La preparazione della Pasta con la ‘Nduja consiste in:

  1. Stemperare la ‘Nduja in tre o quattro cucchiai di acqua calda
  2. Affettare l’Aglio e soffriggerlo dolcemente nell’Olio profondo
  3. Tagliare in quattro i Pomodorini ed aggiungerli al soffritto con le foglie di Alloro e due o tre cucchiai di acqua calda, a fiamma alta far ridurre
  4. Nel frattempo portare la pasta a tre quarti di cottura in acqua bollente e salata, scolare ed aggiungere all’intingolo a fiamma molto alta
  5. Aggiungendo acqua di cottura portare al dente la pasta, spegnere e mantecare con la ‘Nduja e il Cacioricotta grattugiato

Approfondiamo la ricetta, entrando nei minimi particolari

Della ‘Nduja va sfruttata la cremosità e la piccantezza, del tipo gustoso di ottimi peperoncini di cui si apprezza soprattutto il sapore e non una esperienza traumatica che anestetizza le papille e fa mangiare cartone per il resto del pranzo.

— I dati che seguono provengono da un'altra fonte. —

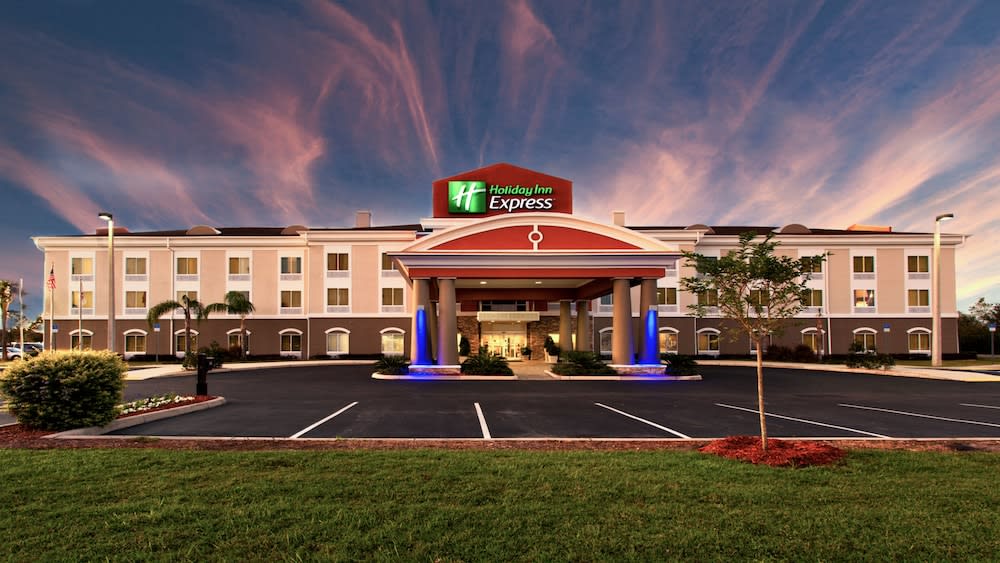 Holiday Inn Express LAKE WALES N-WINTER HAVEN by IHG 1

Si impara a sopportare quei grandi piccanti? si? non ne trovo nessun interesse e vantaggio, con i peperoncini, da figlio di lucani quale sono e pugliese quale sono diventato, ci sono cresciuto, ho imparato soprattutto ad apprezzarli e rispettarli a patto che rispettassero le mie papille gustative, tanto da utilizzarli spesso senza semi o con pochissimi.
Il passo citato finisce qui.